Test results on MySQL 8.0 (run on a personal machine with other tools active) show query latency sharply increasing after the table surpasses roughly 20 million rows, supporting the conventional guideline.

Maximum Row Count Theory: The primary key size determines the absolute upper bound (e.g., INT → 2³¹‑1 ≈ 2.1 billion, BIGINT UNSIGNED → 2⁶⁴‑1). However, practical limits arise from InnoDB’s storage architecture.

InnoDB stores data in 16 KB pages within a tablespace file ( *.ibd ). Each page contains a fixed header, trailer, and a directory, leaving about 15 KB for actual records. Index pages (B+Tree nodes) store the minimum primary‑key value and the page number; with a BIGINT key (8 bytes) and a 4‑byte page pointer, each index entry occupies 12 bytes, allowing roughly 1 280 entries per index page (x ≈ 1280).

Data pages hold full rows. Assuming an average row size of 1 KB, a data page can store about 15 rows (y ≈ 15). The total number of rows a B+Tree can address is Total = x^(z‑1) * y , where z is the tree depth. With a typical three‑level B+Tree (z = 3), the capacity is 1280² * 15 ≈ 24.6 million , which aligns with the 20 million‑row recommendation. Larger rows (e.g., 5 KB) reduce y to 3, yielding a capacity of about 5 million rows.

The analysis concludes that the 20 million‑row guideline stems from the practical limits of a three‑level B+Tree given typical page and row sizes; exceeding this may increase tree depth, causing more disk I/O and slower queries. Performance can also be improved by enlarging memory buffers or upgrading hardware.

Summary of Key Points:

MySQL tables are stored as 16 KB pages; not all space is usable for data.

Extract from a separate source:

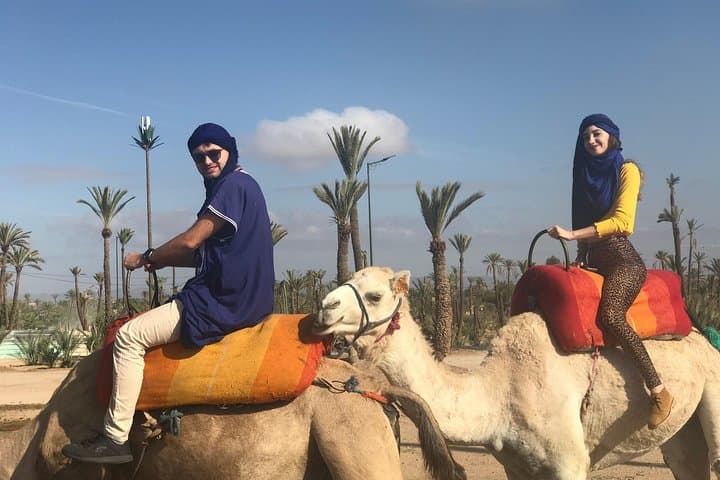 Sunset Camel Ride in Marrakech's Agafay Desert and Palmeraie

Page headers, footers, and metadata consume roughly 1 KB, leaving ~15 KB for rows or index entries.

In a B+Tree, leaf pages store actual rows, while non‑leaf pages store primary‑key and page‑number pairs.

The commonly cited 20 million‑row limit reflects a three‑level B+Tree with typical row sizes; larger rows lower the practical limit.